● **Work request**
Copy out each record below, exactly as given.
═════ Records for this task
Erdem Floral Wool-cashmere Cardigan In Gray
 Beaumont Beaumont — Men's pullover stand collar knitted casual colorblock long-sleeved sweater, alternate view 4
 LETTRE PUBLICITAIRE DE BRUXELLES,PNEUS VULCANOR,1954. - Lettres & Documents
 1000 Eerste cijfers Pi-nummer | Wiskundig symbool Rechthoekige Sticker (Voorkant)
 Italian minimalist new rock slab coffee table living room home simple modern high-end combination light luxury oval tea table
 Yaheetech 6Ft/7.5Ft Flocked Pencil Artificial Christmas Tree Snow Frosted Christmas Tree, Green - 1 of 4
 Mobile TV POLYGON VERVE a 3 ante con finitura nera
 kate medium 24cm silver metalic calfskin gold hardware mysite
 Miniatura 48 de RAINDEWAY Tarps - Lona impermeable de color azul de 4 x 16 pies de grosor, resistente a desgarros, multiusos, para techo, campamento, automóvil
══════════
● **Problem solution**
Erdem Floral Wool-cashmere Cardigan In Gray
 Beaumont Beaumont — Men's pullover stand collar knitted casual colorblock long-sleeved sweater, alternate view 4
 LETTRE PUBLICITAIRE DE BRUXELLES,PNEUS VULCANOR,1954. - Lettres & Documents
 1000 Eerste cijfers Pi-nummer | Wiskundig symbool Rechthoekige Sticker (Voorkant)
 Italian minimalist new rock slab coffee table living room home simple modern high-end combination light luxury oval tea table
 Yaheetech 6Ft/7.5Ft Flocked Pencil Artificial Christmas Tree Snow Frosted Christmas Tree, Green - 1 of 4
 Mobile TV POLYGON VERVE a 3 ante con finitura nera
 kate medium 24cm silver metalic calfskin gold hardware mysite
 Miniatura 48 de RAINDEWAY Tarps - Lona impermeable de color azul de 4 x 16 pies de grosor, resistente a desgarros, multiusos, para techo, campamento, automóvil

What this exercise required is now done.